Given material ->

+++

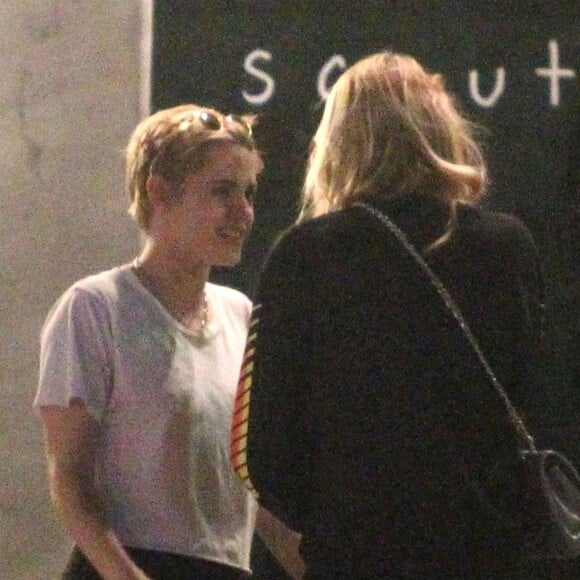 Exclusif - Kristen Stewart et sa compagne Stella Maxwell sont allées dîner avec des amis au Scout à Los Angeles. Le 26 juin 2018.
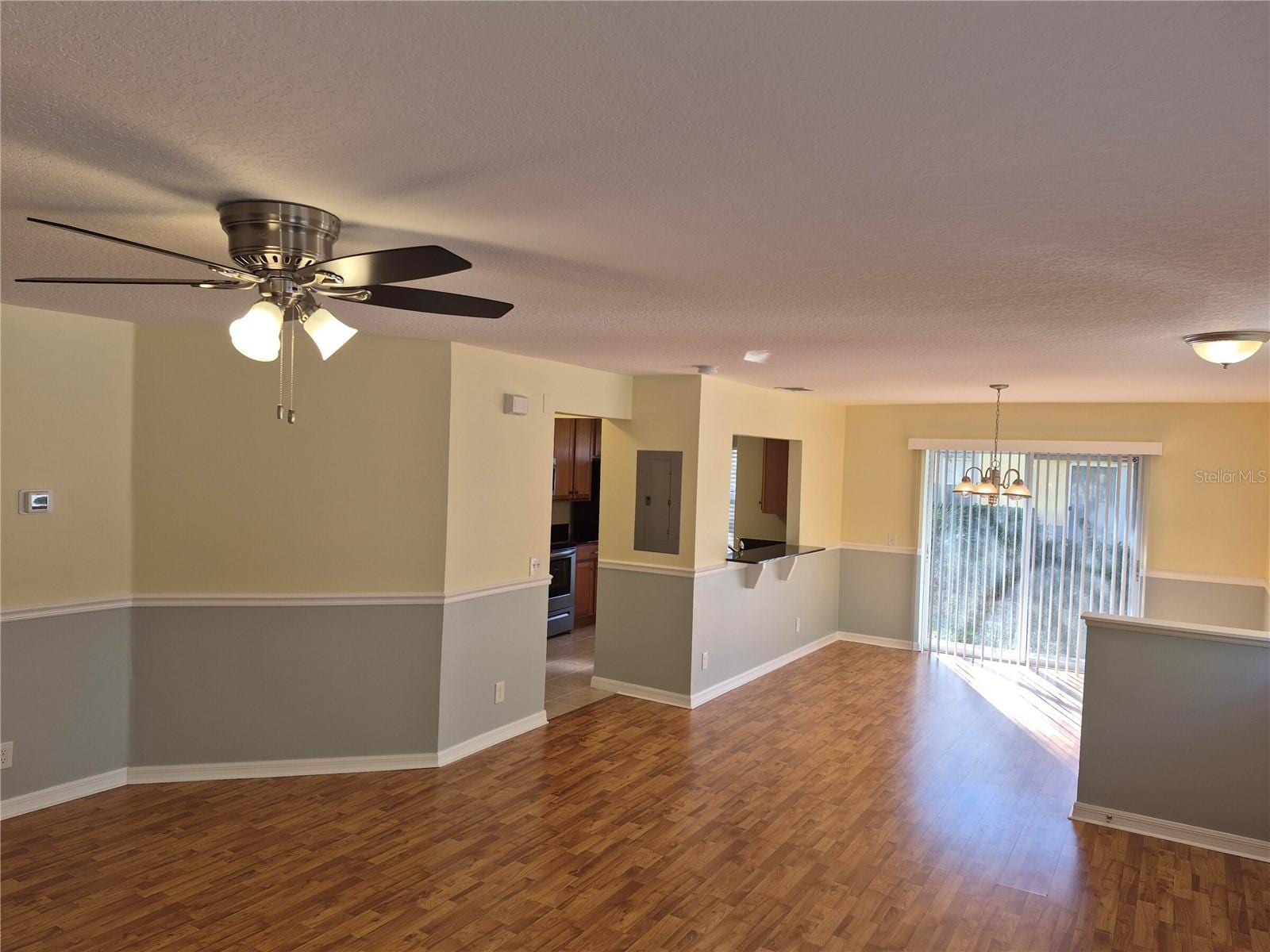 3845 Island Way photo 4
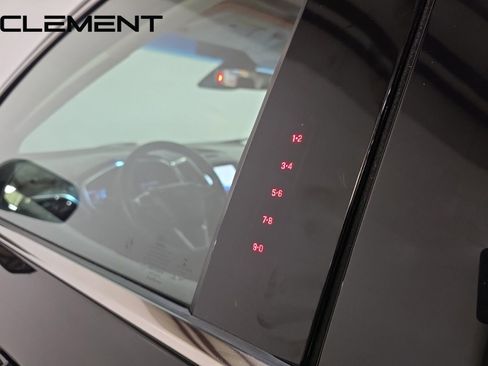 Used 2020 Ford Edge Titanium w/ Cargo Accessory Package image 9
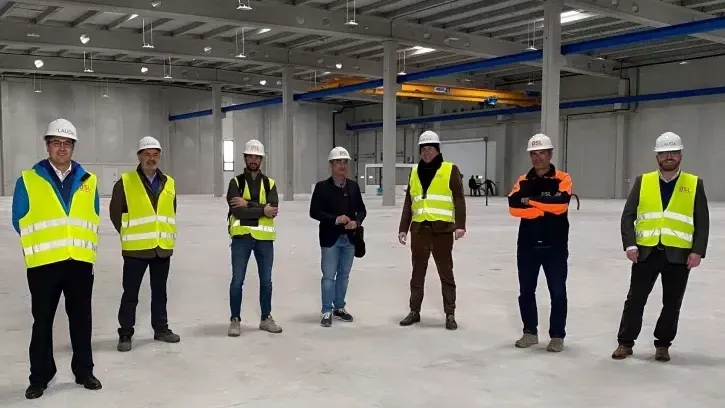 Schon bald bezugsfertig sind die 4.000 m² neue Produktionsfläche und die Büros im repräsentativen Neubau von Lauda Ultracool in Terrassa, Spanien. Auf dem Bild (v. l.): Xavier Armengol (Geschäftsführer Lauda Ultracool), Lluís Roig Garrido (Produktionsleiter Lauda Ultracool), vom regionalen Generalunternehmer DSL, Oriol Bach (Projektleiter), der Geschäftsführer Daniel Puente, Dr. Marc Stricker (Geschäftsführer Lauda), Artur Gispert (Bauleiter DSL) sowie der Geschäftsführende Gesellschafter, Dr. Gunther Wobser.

+++

Please write out all the data again word for word, but not the pictures.

Exercise solution ->
 Exclusif - Kristen Stewart et sa compagne Stella Maxwell sont allées dîner avec des amis au Scout à Los Angeles. Le 26 juin 2018.
 3845 Island Way photo 4
 Used 2020 Ford Edge Titanium w/ Cargo Accessory Package image 9
 Schon bald bezugsfertig sind die 4.000 m² neue Produktionsfläche und die Büros im repräsentativen Neubau von Lauda Ultracool in Terrassa, Spanien. Auf dem Bild (v. l.): Xavier Armengol (Geschäftsführer Lauda Ultracool), Lluís Roig Garrido (Produktionsleiter Lauda Ultracool), vom regionalen Generalunternehmer DSL, Oriol Bach (Projektleiter), der Geschäftsführer Daniel Puente, Dr. Marc Stricker (Geschäftsführer Lauda), Artur Gispert (Bauleiter DSL) sowie der Geschäftsführende Gesellschafter, Dr. Gunther Wobser.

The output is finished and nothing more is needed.